Oh, and another piece of advice (that has always been good advice). Never stop looking for other work. If you have a job, even a great job, keep your ear to the ground, keep your professional circle, do almost all of the things you'd do if you're out of work and looking. Not to the same intensity, of course, but by doing this you'll be much better prepared if you have to find another job, you'll be more aware if a better prospect presents itself even if you are already in a decent job, and it will constantly remind you that you are in control of your life, not your employer.

aaveragedev•1w ago
Thanks you for your advice. I have started looking for jobs where I will get to learn alots of things. Also your your advice to find something that interests you I have been looking to dive into understanding OS and compilers, I have been always been quite fascinated by kernels and how they interact hardware. Thank you very much for your words.
adamzwasserman•1w ago
The key to success in the world of coding assistants is to be a good manager. The AI is a very fast, but also very stupid, programmer. It will make a ton of architectural mistakes, and AI, more often than not pick the most mid solution possible. If you are a good code architect, and if you can tell the difference between a mid pattern and a good one, and force the AI to do things right, you will rise to the top.
aaveragedev•1w ago
Yes but I am jr. dev so there are certain implementations which I have not seen or not been familiarized with which is why there are times where it's difficult for me to notice certain code which might break in future for certain cases but due to my inexperience it is a bit difficult to catch it.
adamzwasserman•1w ago
I admire your honesty. I suspect that attitude will take you far.

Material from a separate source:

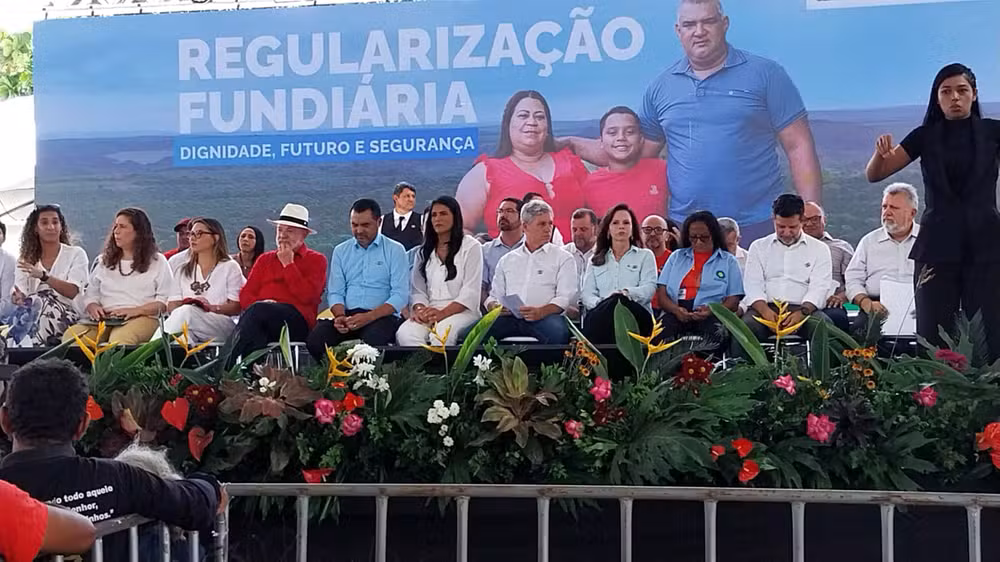 &nbsp;“Os bons filhos à casa retornam”: Lula e Wanderlei selam parceria institucional no Tocantins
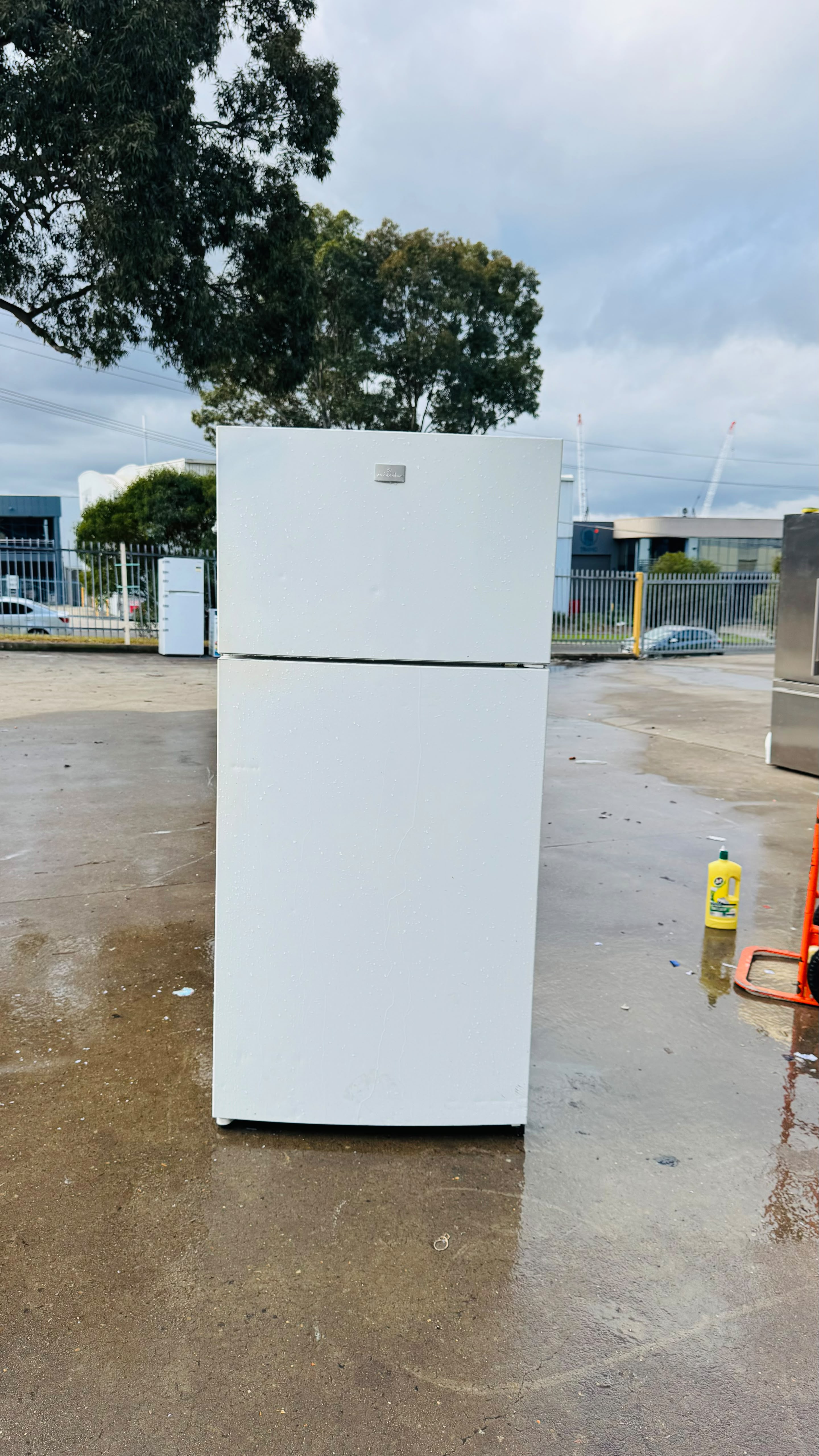 KELVINATOR 536 LITRES FRIDGE FREEZER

Exercism.io is excellent for exactly the experience you're seeking. The mentored tracks force you to see multiple solutions to the same problem, which builds pattern recognition faster than production work alone. You start noticing when code "feels" fragile before you can articulate why.

aaveragedev•5d ago
Thanks this looks like a helpful tool. The part where I notice the code is fragile and work for a better solution is where I get stuck in AI development. I will definitely explore this thing more.